I stopped abruptly to breathe. Brian was nodding, his eyebrows headed off to his hair in something like surprise. He asked me politely about my experience at school, and I responded politely as George watched impassively. (I would come to discover that George’s expression wasn’t indifferent or anything like it. It was shy and discerning, among many other things, including intelligent, studious, and—and a word like “darling.” Only not that word, because it’s too young and androgynous, and besides which, and most important, George would hate it.)
“What do you plan on doing if you get one of these jobs you’re meeting on?” continued Brian.
“I mean, it really would depend on the part, but . . . I guess I’d leave. I mean I know I would. Because I mean—”
“I know what you mean,” Brian interrupted. The meeting continued but I was no longer fully present—utterly convinced that I’d screwed up by revealing myself to be so disloyal. Leave my school right in the middle for the first job that came along?
Soon after, we were done. I shook each man’s hand as I moved to the door, leading off to the gallows of obscurity. George’s hand was firm and cool.
I returned to the outer office knowing full well that I would be going back to school. “Miss Fisher,” a casting assistant said. I froze, or would have, if we weren’t in sunny Los Angeles. “Here are your sides. Two doors down. You’ll read on video.” My heart pounded everywhere a pulse can get to.
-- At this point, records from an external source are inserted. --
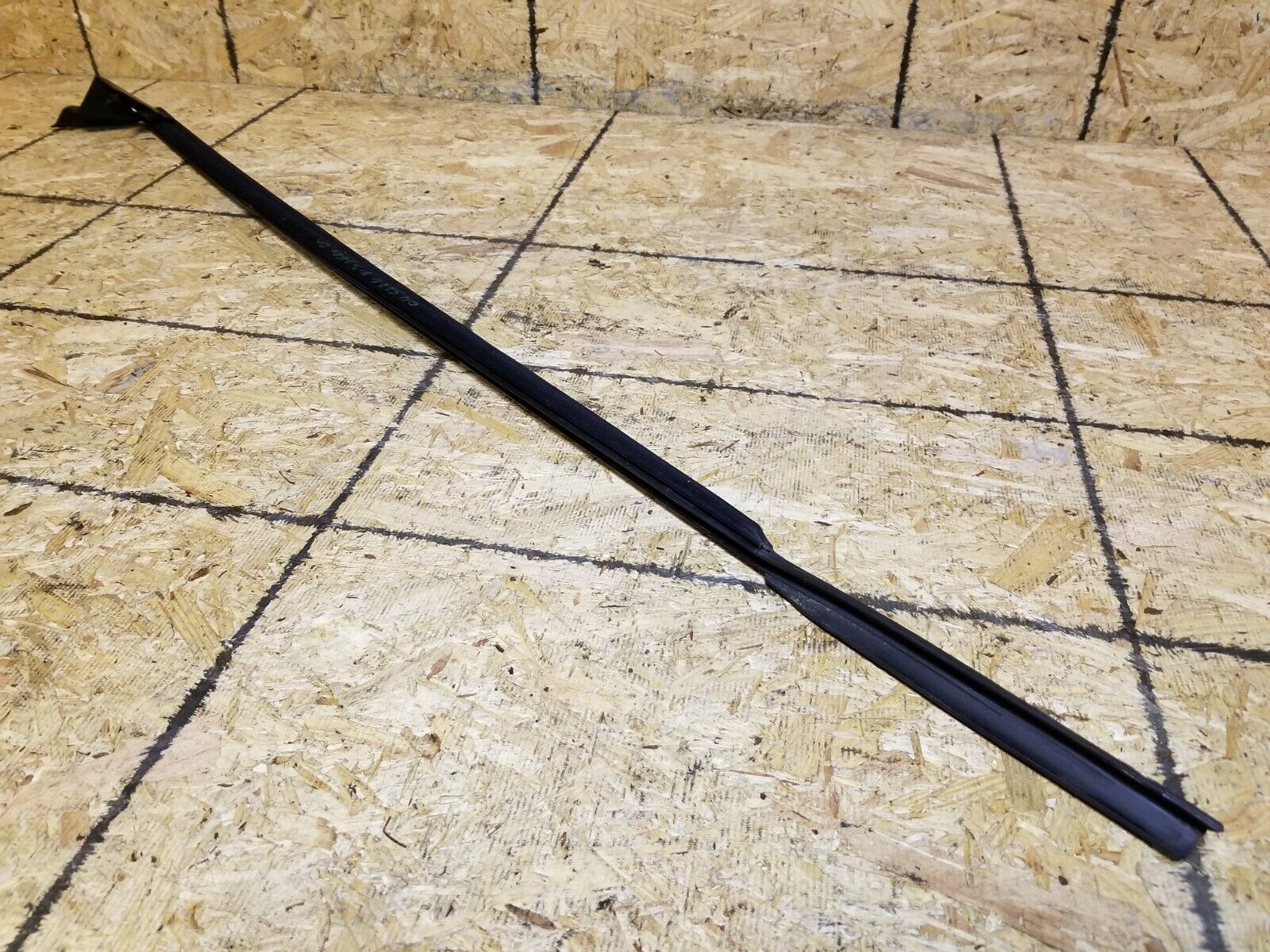 04-07 Saab 9-3 Convertible Left Driver Side Door Glass Seal Trim Molding OEM Replacement Part - Perfect for Window Leak Repair & Weatherproofing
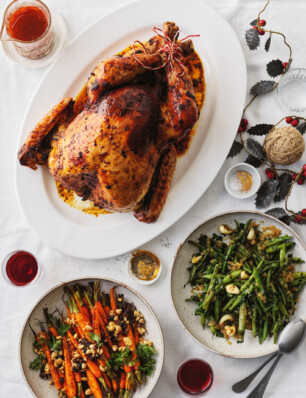 gebraden kalkoen met ancho-chilisaus, citroenige boontjes & zoetzure wortels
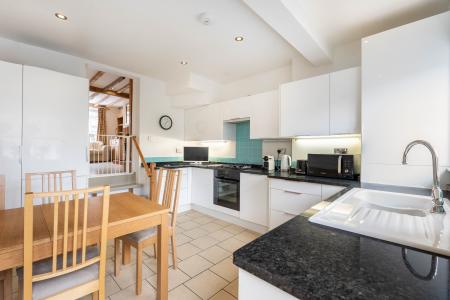 2 bedroom Cottage for sale in Church Street, Welwyn, AL6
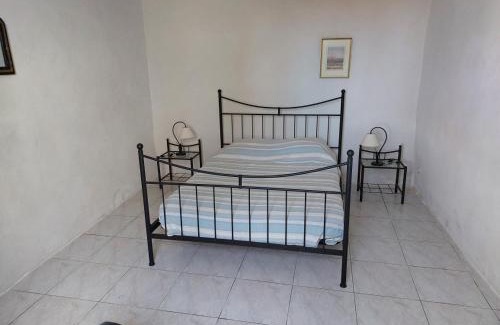 Labastide-de-Virac House | Chambre Le Serre de Chambon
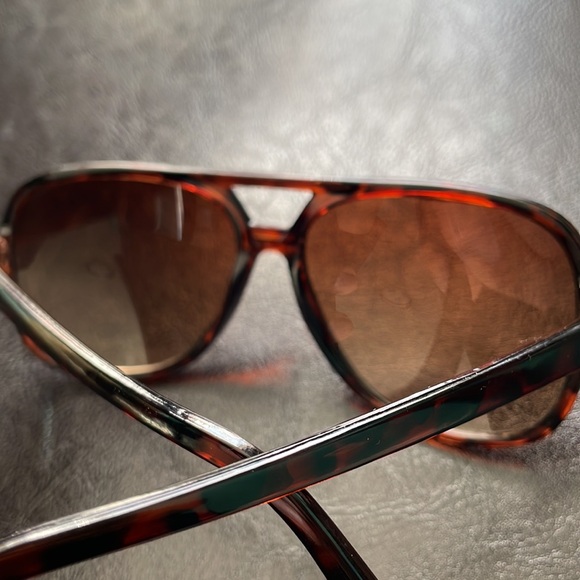 Dark tortoise sunglasses - Picture 6 of 6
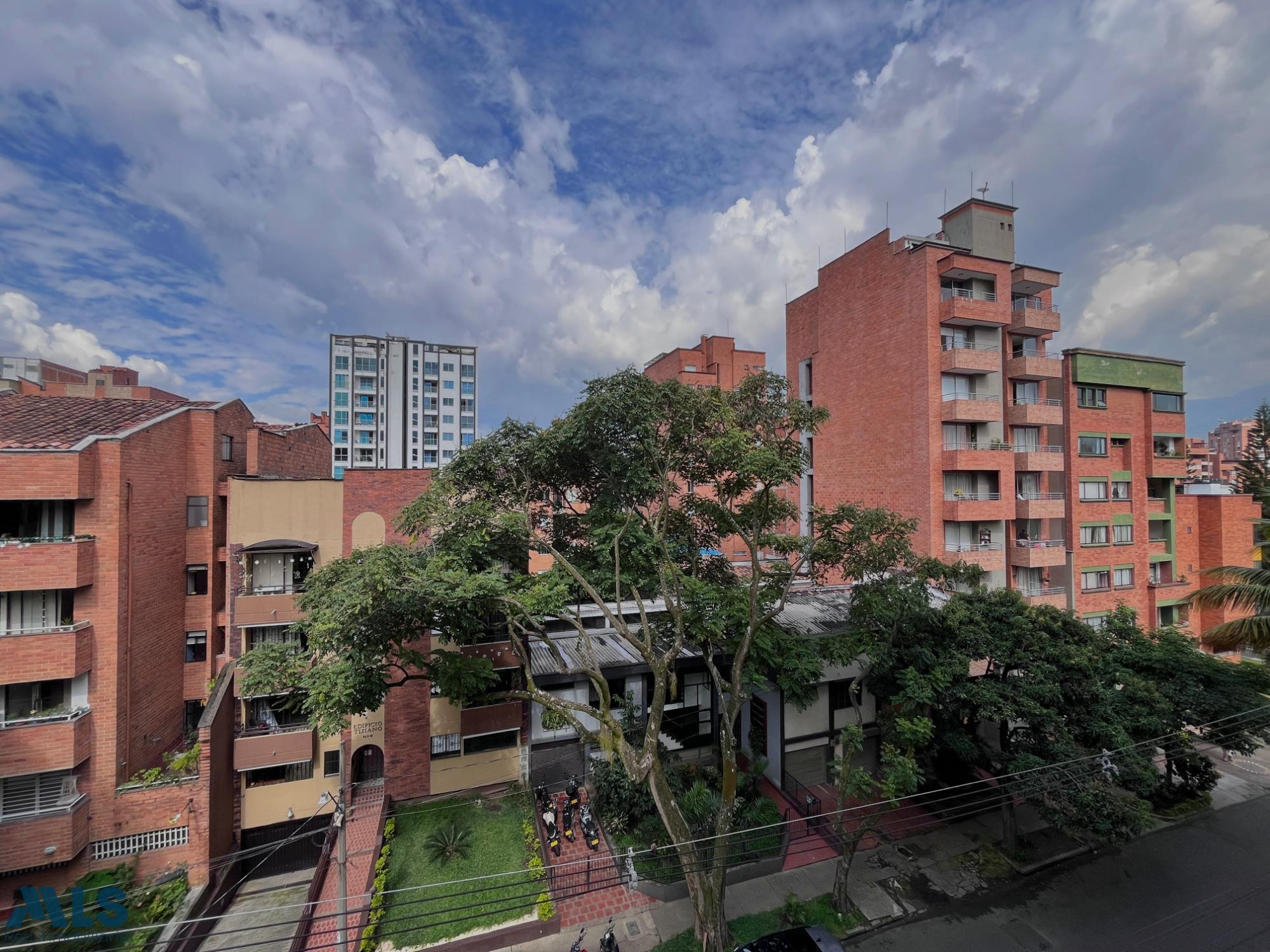 Apartamento muy cerca de la UPB. medellin - san joaquin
The scene from Carrie involved the mother (who would be memorably played by Piper Laurie). A dark scene, where the people are not okay. But the scene in Star Wars—there were no mothers there! There was authority and confidence and command in the weird language that was used. Was I like this? Hopefully George would think so, and I could pretend I thought so, too. I could pretend I was a princess whose life went from chaos to crisis without looking down between chaoses to find, to her relief, that her dress wasn’t torn.
? ? ?
i have no recollection now of how I felt reading the two scenes. I can only assume I beat myself up loud and long. Did they like me? Did they think I was fat? Did they think I looked like a bowl of oatmeal with features? Four little dark dots in one big flat pale face (“Me pale face—you Tonto”). Did they think I looked pretty enough? Was I likable enough for me to relax at all? Not on your life. Because (a) there was no relaxing anywhere in my general area, and (b) there was no relaxing anywhere in show business.
But George must have thought I did well enough to have me back. They sent me the Star Wars script so I could practice it before the last reading. I remember opening the manila envelope it came in very carefully, one edge at a time, before removing its unknown cargo. It didn’t look any different from other scripts—cardboard-like paper on each end, protecting the ordinary paper within—covered in ant-like scratches of letters. I don’t know why, but I wanted to read this screenplay out loud.
Enter Miguel Ferrer. Miguel wasn’t certain that he wanted to be an actor yet—like me. But we were both intrigued enough that we continued exploring. Like me, he came from a show business background. His father was the actor José Ferrer and his mother the singer/actress Rosemary Clooney. We were friends, and I called him up and asked him to read this script with me. He arrived at my mother’s newer, much smaller house—since her dramatically reduced financial circumstances due to a second failed marriage—and we went to my bedroom on the second floor.
Like every young man wanting to be an actor in Hollywood then, he had also read for the film, so both of us were dimly aware what we were in store for. We sat on my bed and began to read. From the first page—STAR WARS: A SPACE FANTASY—the images and characters jumped off the pages. Not only into our minds, but into the chairs and other furniture that surrounded us. I’m exaggerating (a little) but it could have jumped onto the furniture, eaten all of it, and drank the blood of an Englishman—because it was as epic as any fee-fi-fo-fum rhyme you ever heard.